ShawnTherrien Default port Points: 1481 More actions · Answer 2

The First_Value/Last_Value sounds really promising, but I'm not quite getting it yet.

-- Method 1.5a

SELECT DISTINCT

Product.Name

,ReportDate = @ReportingDate

,MostRecentOrderDetailId = (SELECT LAST_VALUE(SalesOrderDetailId) OVER (PARTITION BY Product.ProductId order by SalesOrderDetail.ModifiedDate)

FROM sales.SalesOrderDetail SalesOrderDetail WHERE SalesOrderDetail.ProductID = product.ProductID

AND SalesOrderDetail.ModifiedDate <= @ReportingDate)

FROM Production.Product Product

-- Method 1.5b

SELECT DISTINCT

Product.Name

,ReportDate = @ReportingDate

,LAST_VALUE(SalesOrderDetailId) OVER (PARTITION BY Product.ProductId order by SalesOrderDetail.ModifiedDate)

FROM Production.Product Product

LEFT JOIN sales.SalesOrderDetail SalesOrderDetail ON SalesOrderDetail.ProductID = product.ProductID

1.5a returns the fun error:

Msg 512, Level 16, State 1, Line 11

Subquery returned more than 1 value. This is not permitted when the subquery follows =, !=, <, <= , >, >= or when the subquery is used as an expression.
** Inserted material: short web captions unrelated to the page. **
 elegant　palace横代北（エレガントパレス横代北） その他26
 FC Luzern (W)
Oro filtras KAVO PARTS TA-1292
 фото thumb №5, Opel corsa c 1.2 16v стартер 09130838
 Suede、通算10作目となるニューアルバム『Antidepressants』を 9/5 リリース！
When I try to add grouping to either, the window function I get this error:

Column 'sales.SalesOrderDetail.ModifiedDate' is invalid in the select list because it is not contained in either an aggregate function or the GROUP BY clause.
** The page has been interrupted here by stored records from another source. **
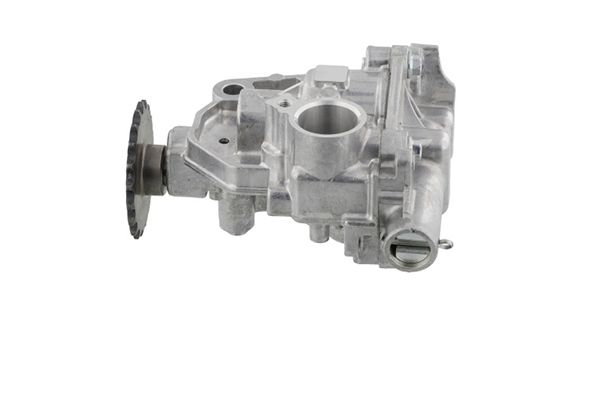 Õlipump, TOPRAN 625 105
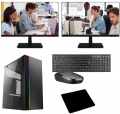 Ramtech WorkForce OF310-227 resim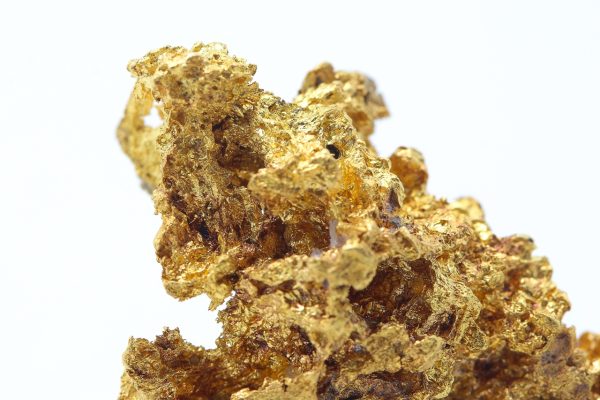 Gold – Bild 9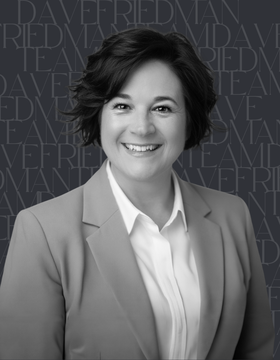 Denise Swift-Hendricks
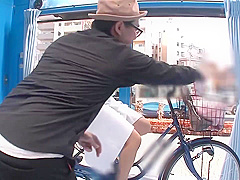 x1x9ADB989BF550D7623B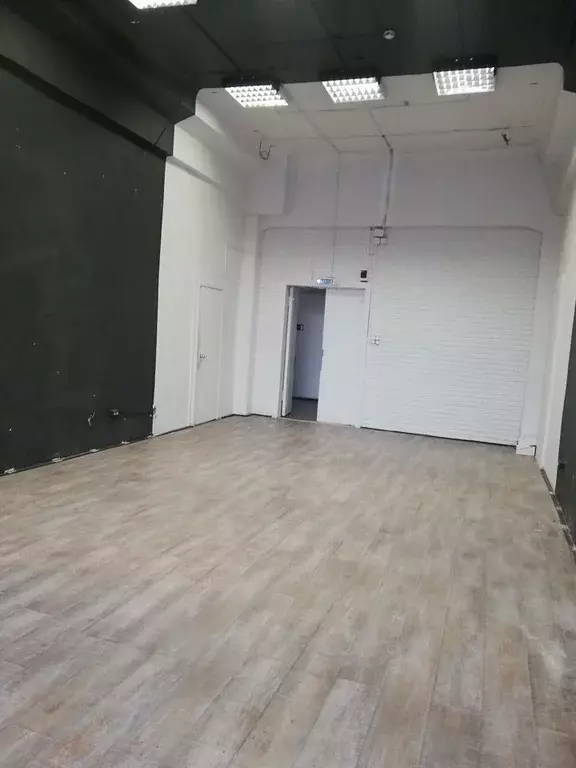 Офис в Новосибирская область, Новосибирск Советская ул., 18 (70 м) - Фото 1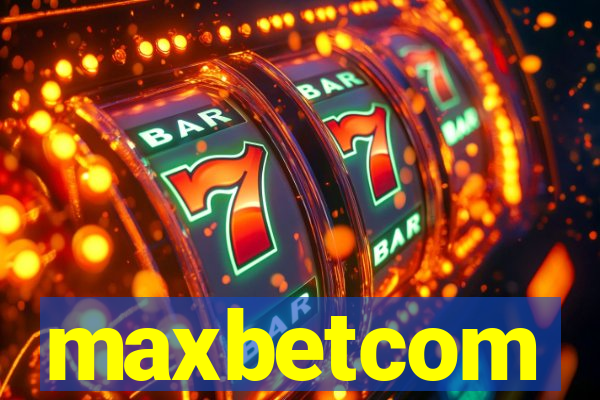 maxbetcom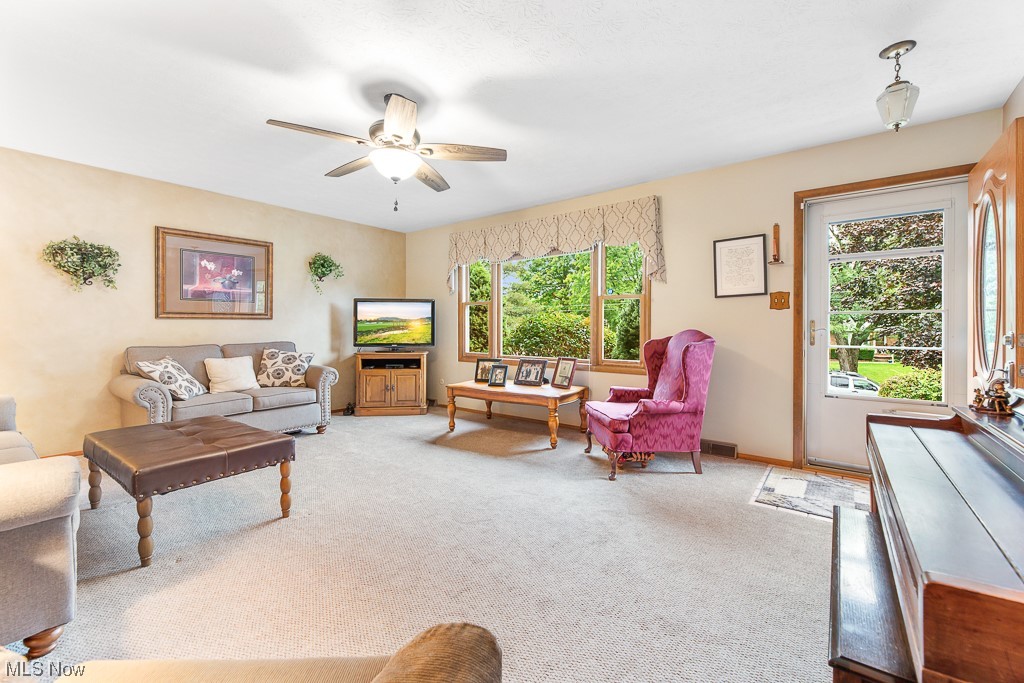 Fairlane Estates - Residential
For every product I'm trying to get a single value (the Last_Value before a date), but I seem to be doing rather poorly at using Last_Value and getting it to group or return just a single value.

Any advice on what I'm overlooking here?

Paul White SSC Guru Points: 150467 More actions · Answer 3

This is a variation of the 'Top N per Group' problem, and there are many ways to express it in T-SQL. Whichever you choose, be sure to make the ORDER BY clause deterministic and provide a useful index. A deterministic ORDER BY simply means there should be no ties. In the AdventureWorks example, TOP (1) ... ORDER BY ModifiedDate DESC is not deterministic per product because multiple order detail rows can have the same ModifiedDate. A useful index for that query is:

CREATE INDEX nc1

ON Sales.SalesOrderDetail

(

ProductID,

ModifiedDate DESC,

SalesOrderDetailID DESC

);

Writing the query to be deterministic:

SELECT

p.Name,

ReportDate = @ReportingDate,

MostRecent.SalesOrderDetailID

FROM Production.Product AS p

OUTER APPLY

(

SELECT TOP (1)

sod.SalesOrderDetailID

FROM Sales.SalesOrderDetail AS sod

WHERE

sod.ProductID = p.ProductID

AND sod.ModifiedDate <= @ReportingDate

ORDER BY

sod.ModifiedDate DESC,

sod.SalesOrderDetailID DESC

) AS MostRecent;

The query plan no longer features an index spool or sort, seeking straight to the required row per product:

Paul White
SQLPerformance.com
SQLkiwi blog
@SQL_Kiwi

Bhaskar.Shetty Hall of Fame Points: 3054 More actions · Answer 4

How about this solutions...

--- Create a InLine Function with ReportingDate Parameter --

CREATE FUNCTION fnMostRecentOrderDetail(@ReportingDate datetime) RETURNS TABLE

AS

RETURN

(

SELECT ProductId, SalesOrderDetailId, ModifiedDate,

ROW_NUMBER() OVER (PARTITION BY ProductId ORDER BY ModifiedDate DESC) RowNo

FROM sales.SalesOrderDetail

WHERE ModifiedDate < @ReportingDate

)

GO

and then...

-- Join the function with ReportingDate Parameter --

declare @ReportingDate DATE = '9/7/2007'

SELECT

Name

,ReportDate = @ReportingDate

,MostRecent.ModifiedDate

FROM Production.Product Product

LEFT OUTER JOIN fnMostRecentOrderDetail(@ReportingDate) MostRecent ON Product.ProductID = MostRecent.ProductId and RowNo = 1

T.Ashish SSCarpal Tunnel Points: 4248 More actions · Answer 5

Add index suggested in Paul's reply, to improve performance of your query.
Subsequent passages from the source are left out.